Work to be completed.
Begin at the line that has "Close-up of quilted", stop after the line that has "Taped to a pole", and print exactly those lines from the records below, without any pictures.

Provided entries.
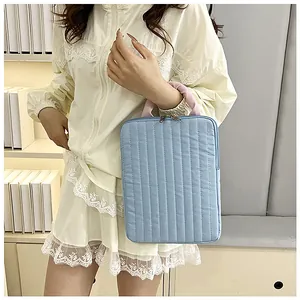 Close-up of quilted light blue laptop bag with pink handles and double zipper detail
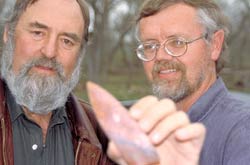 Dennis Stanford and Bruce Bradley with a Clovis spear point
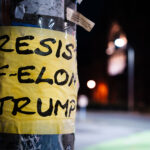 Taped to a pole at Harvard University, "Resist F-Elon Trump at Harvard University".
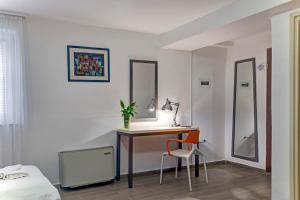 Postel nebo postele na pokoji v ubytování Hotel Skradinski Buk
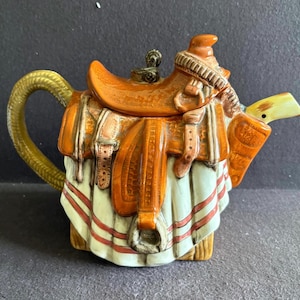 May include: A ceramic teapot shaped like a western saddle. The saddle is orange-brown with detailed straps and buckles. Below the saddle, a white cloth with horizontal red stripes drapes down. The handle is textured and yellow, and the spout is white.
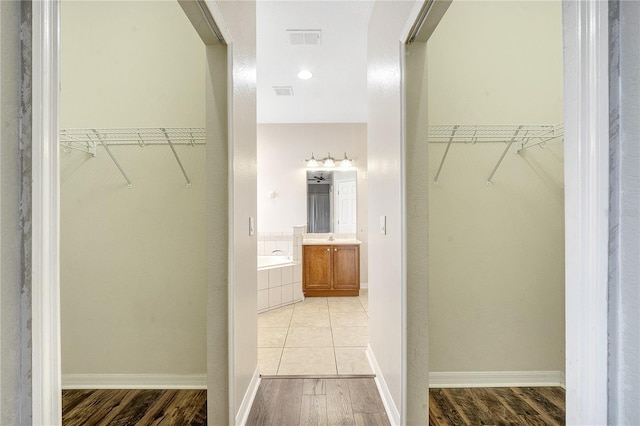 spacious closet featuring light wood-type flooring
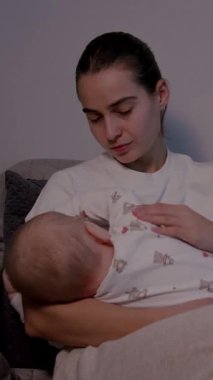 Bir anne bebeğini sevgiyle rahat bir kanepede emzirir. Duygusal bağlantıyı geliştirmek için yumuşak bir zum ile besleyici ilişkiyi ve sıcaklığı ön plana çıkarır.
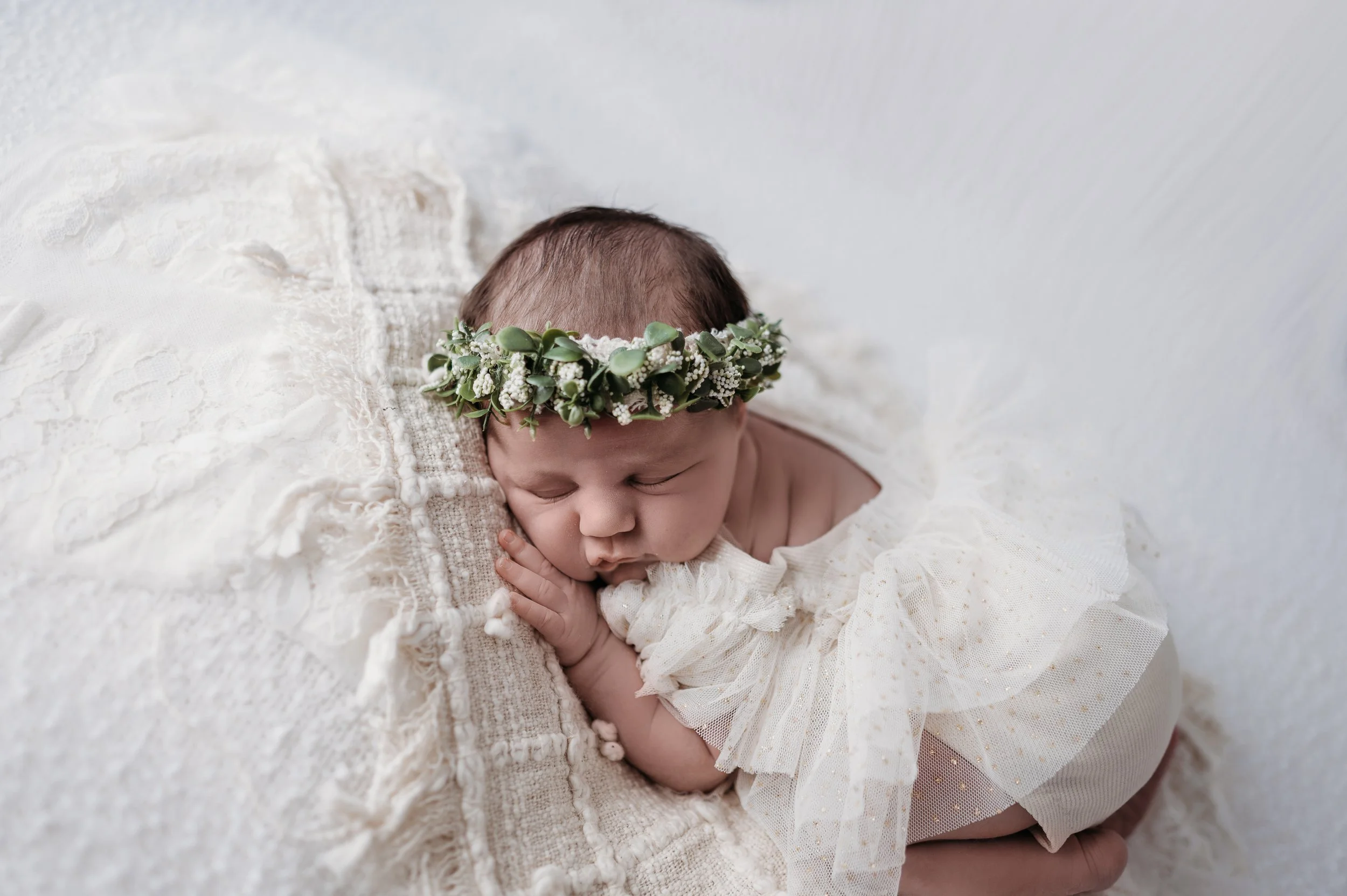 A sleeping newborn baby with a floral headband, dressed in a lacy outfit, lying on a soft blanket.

---

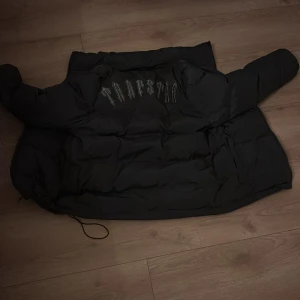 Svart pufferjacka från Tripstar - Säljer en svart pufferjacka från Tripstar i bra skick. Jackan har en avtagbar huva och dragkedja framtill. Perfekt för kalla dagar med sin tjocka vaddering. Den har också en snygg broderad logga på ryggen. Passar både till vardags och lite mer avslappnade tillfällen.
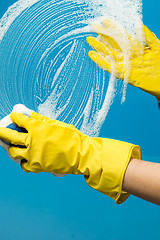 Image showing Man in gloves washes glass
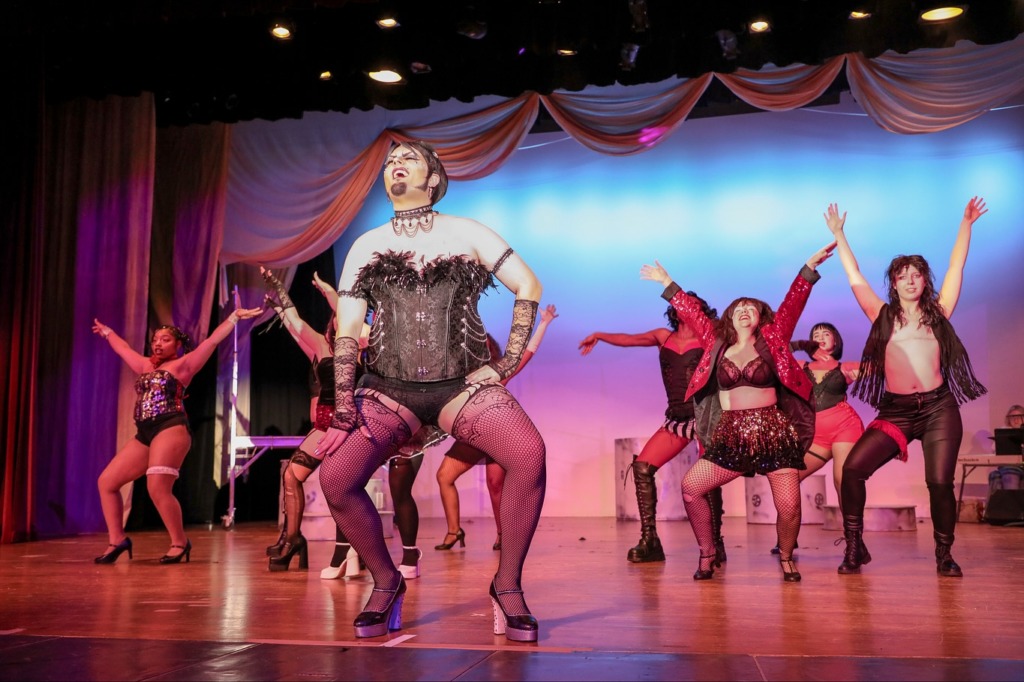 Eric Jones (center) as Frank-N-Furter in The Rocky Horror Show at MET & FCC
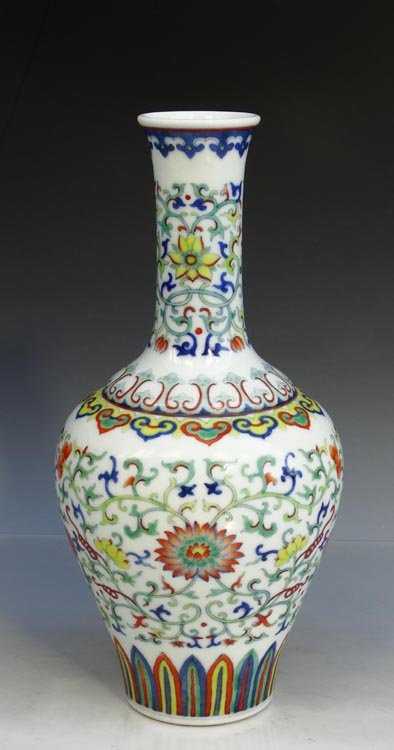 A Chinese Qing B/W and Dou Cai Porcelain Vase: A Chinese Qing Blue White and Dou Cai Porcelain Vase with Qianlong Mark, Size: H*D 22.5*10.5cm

==

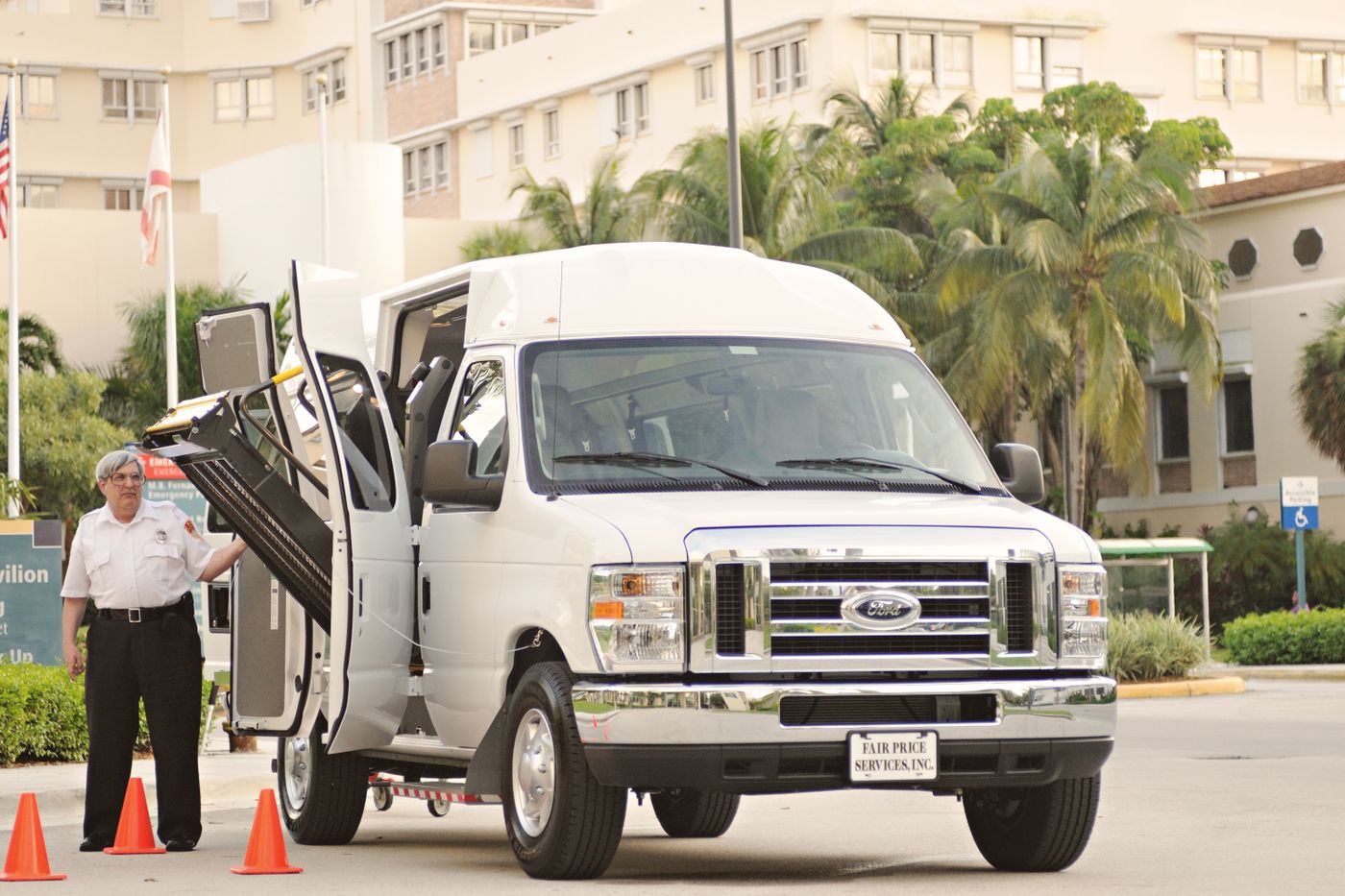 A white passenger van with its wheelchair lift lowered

Output of the exercise.
 Close-up of quilted light blue laptop bag with pink handles and double zipper detail
 Dennis Stanford and Bruce Bradley with a Clovis spear point
 Taped to a pole at Harvard University, "Resist F-Elon Trump at Harvard University".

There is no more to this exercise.